Vin Nardizzi, Stephen Guy-Bray & Will Stockton, eds. 2009. Queer Renaissance Historiography. Ashgate, Burlington VT. ISBN 978-0-7546-7608-9

Publication summary: 

A collection of articles generally on queer approaches to literary history in 16th century England.

Contents summary: 

Crawford tackles the intriguing topic of women in 16-17th century England serving as secretaries--both in official and de facto positions--especially in service to other women. She particularly looks at the function of a secretary as an advisor and secret-keeper. As the Oxford English Dictionary gives for the first definition of the word: “One who is entrusted with private or secret matters; a confidant; one privy to a secret.” (Keep in mind that the root of “secretary” is “secret”.) The second definition, involving the job of managing correspondence, developed later but is also a significant sense in the 16th century. And, indeed, one of the contextual citations in the OED for this sense is feminine, though allegorical, referring to Mary Sidney Herbert as “eloquent secretary to the Muses.”

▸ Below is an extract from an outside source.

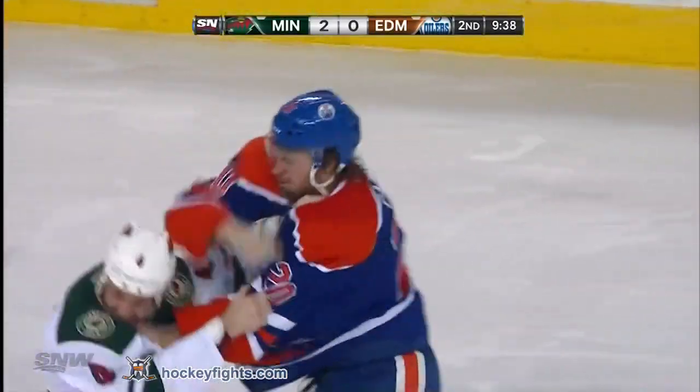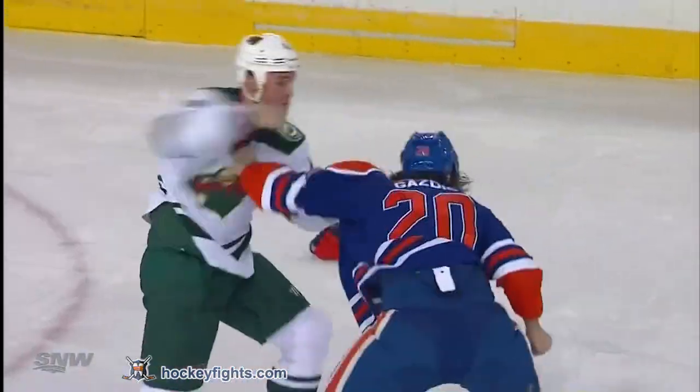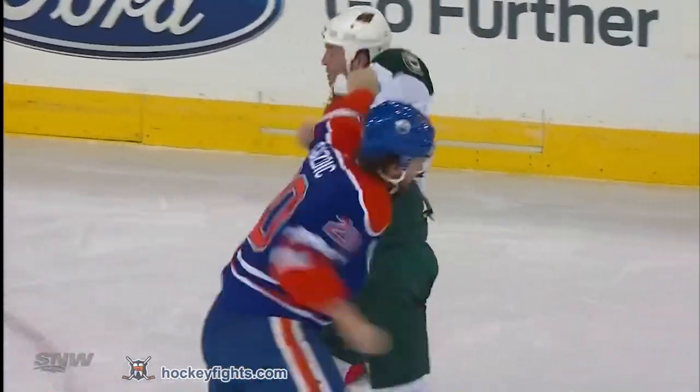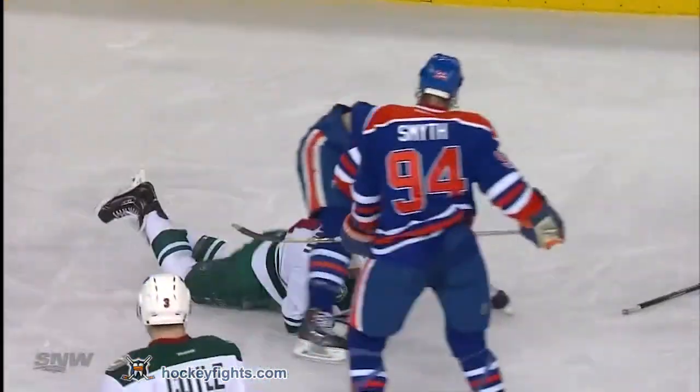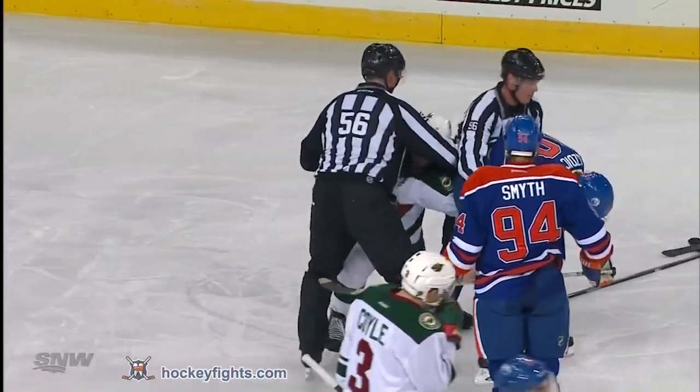And now it is Stoner dropping the mitts with Luke Gazdek. Gazdek and Stoner exchanging blows — Gazdek with an uppercut, a jersey jab, and then takes a shot from Stoner but knocks Stoner down.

While studies of secretaries in the 16th century commonly focus solely on men who served women in this role--especially those serving Elizabeth I--Crawford seeks to recognize women themselves fulfilling the role of secretary. The general omission may in part be due to a focus on the function of secretaries in those social spheres less open to women, and especially on the significant homosocial bonds between men in these functions in the public sphere. But 16th century writers had no problem with accepting that women might fill the role of secretary for other women, in particular fulfilling the role of private counselor and often serving as intimate confidante.

There is a brief survey of examples of women secretaries and their duties: Hannah Wolley in The Gentlewoman’s Companion (1674) describes handling her mistress’s correspondence; Margaret Cavendish’s The Blazing World features a female scribe working for another woman; and there are numerous examples of women whose secretarial duties involved reading aloud to their employer. One pair that may be of particular interest is the Countess of Bedford and court poet Cecilia Bulstrode, whom Ben Jonson satirized with an accusation of lesbianism.

The women serving female monarchs, such as Queen Elizabeth and Queen Anne fulfilled an interwoven set of official and unofficial secretarial duties that are hard to untangle from more intimate services. At the upper levels of society, women shared beds as well as secrets with their closest companions and the women in service to powerful employers enjoyed significant control over access to their attention. Crawford suggests that such close relationships--although not considered sexual in their historic context--could not avoid having an erotic component. The article examines the role of these female secretaries in terms of specific types of functions.

The first of those functions examined is “bosom counsel and bed-sharing,” that is, someone to serve as a close confidante--“close” in both a metaphoric and physical sense. As Angel Day put it in The English Secretarie (1592) a secretary is someone “in whose bosome he holdeth the repose of his [master’s] safety to be far more precious then either estate, living, or advancement, whereof men earthly minded are for the most part desirous.”

The word “bosom,” literally meaning “breast” and extended to the clothing covering it, came metaphorically to mean both closeness and discretion. Papers and letters meant not to be seen were tucked beneath clothing on the upper body, embodying the idea of secret speech entrusted to the bearer. Inescapably, the language of taking someone to one’s bosom, or sharing one’s bosom evokes images of female erotic intimacy. Examples of such language between women is offered from several Shakespearean works such as A Midsummer Night’s Dream and Much Ado About Nothing.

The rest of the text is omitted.